» **What needs to be done**
Return the records word for word. Any pictures in them are not part of the copy.

[Data records]
>>
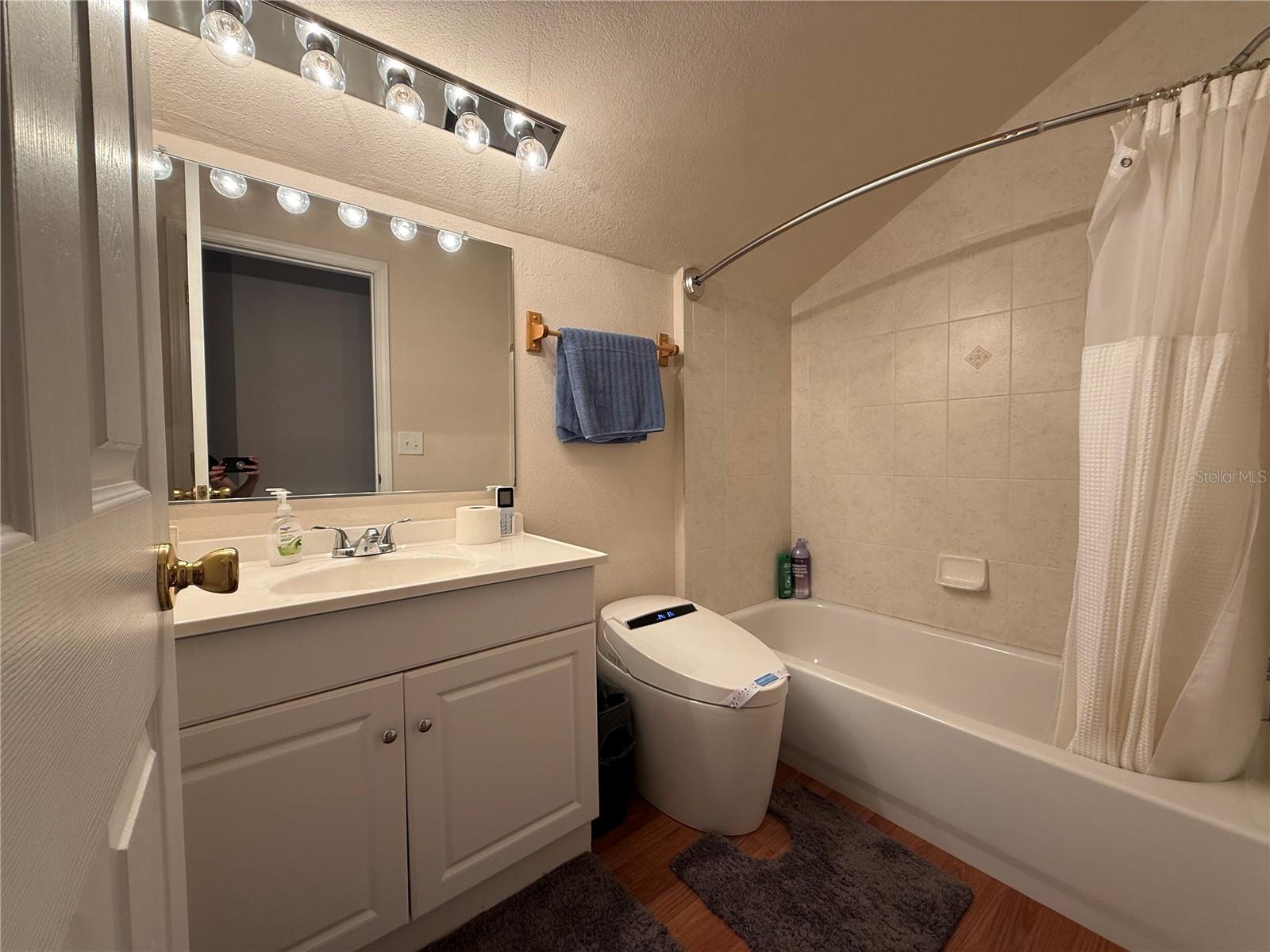 Image 36 of 64 For 24907 135th Street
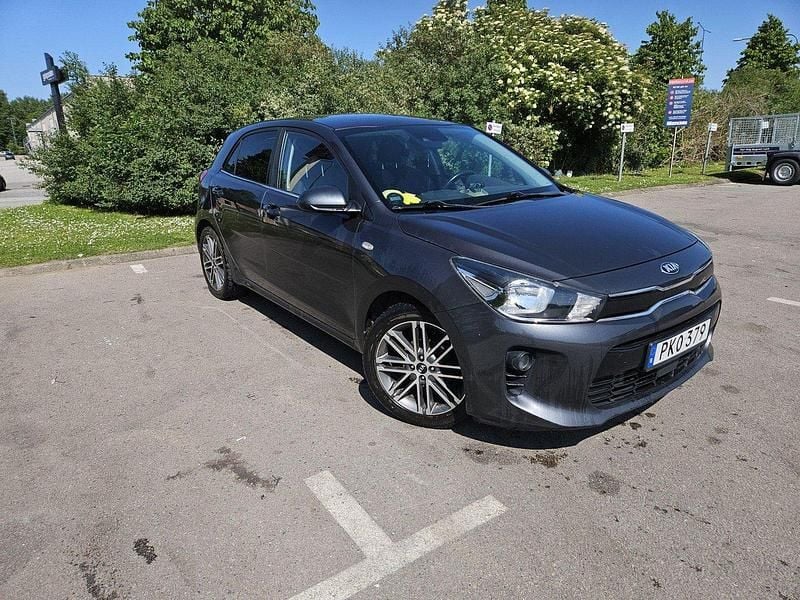 Grå Begagnad 2017 Kia Rio Halvkombi | 120 000 kr (Marknadspris) - Bild 1/4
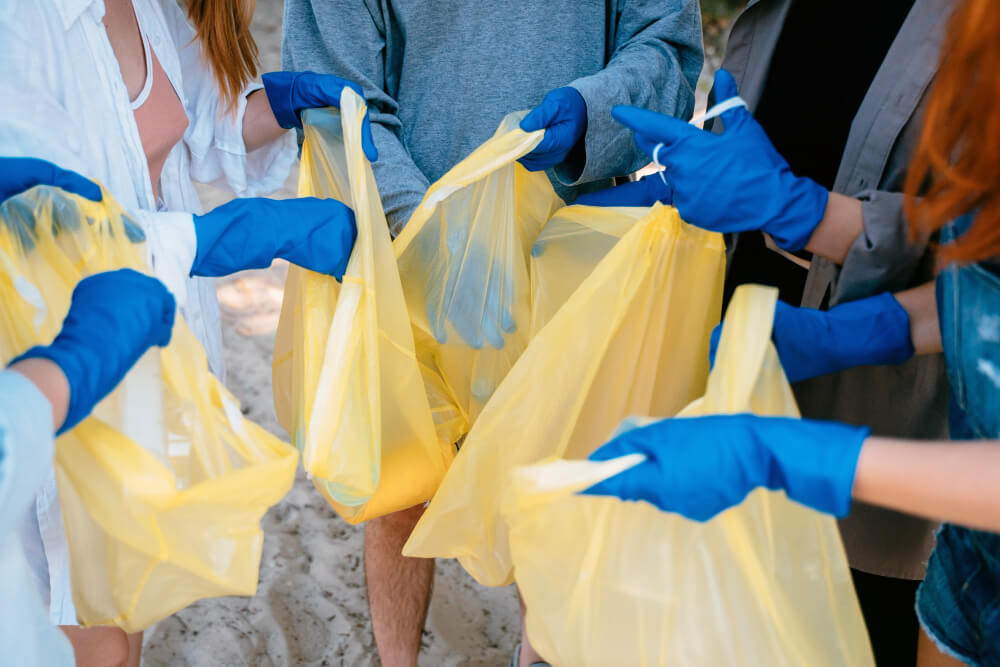 Why Hospitals Require High-Strength Garbage Bags from Trusted Manufacturers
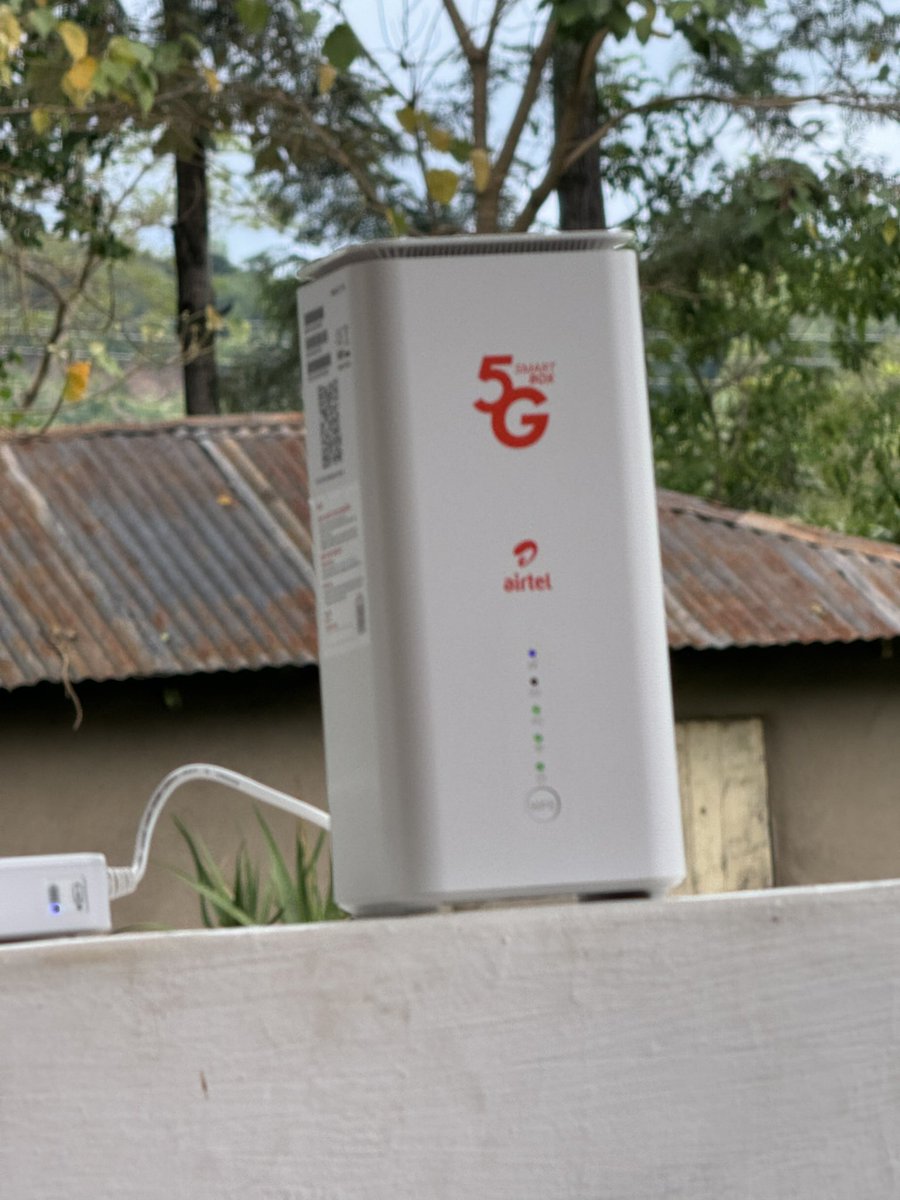 ParvSigey's tweet photo. @AIRTEL_KE one of the best routers I have ever come across. With its own power bank you don’t need to plug to power to work. https://t.co/eWBWGaeQEL
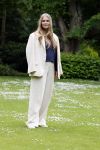 Den Haag 7 juni 2024
Fotouurte met de koninklijke familie op Huis ten Bosch .
Aanwezig Koning Willem Alexander Koningin Maxima Prinses Amalia Prinses Alexia Prinses Ariane en hun hondje Rambo.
<<
» **Result for this task**
 Image 36 of 64 For 24907 135th Street
 Grå Begagnad 2017 Kia Rio Halvkombi | 120 000 kr (Marknadspris) - Bild 1/4
 Why Hospitals Require High-Strength Garbage Bags from Trusted Manufacturers
 ParvSigey's tweet photo. @AIRTEL_KE one of the best routers I have ever come across. With its own power bank you don’t need to plug to power to work. https://t.co/eWBWGaeQEL
 Den Haag 7 juni 2024
Fotouurte met de koninklijke familie op Huis ten Bosch .
Aanwezig Koning Willem Alexander Koningin Maxima Prinses Amalia Prinses Alexia Prinses Ariane en hun hondje Rambo.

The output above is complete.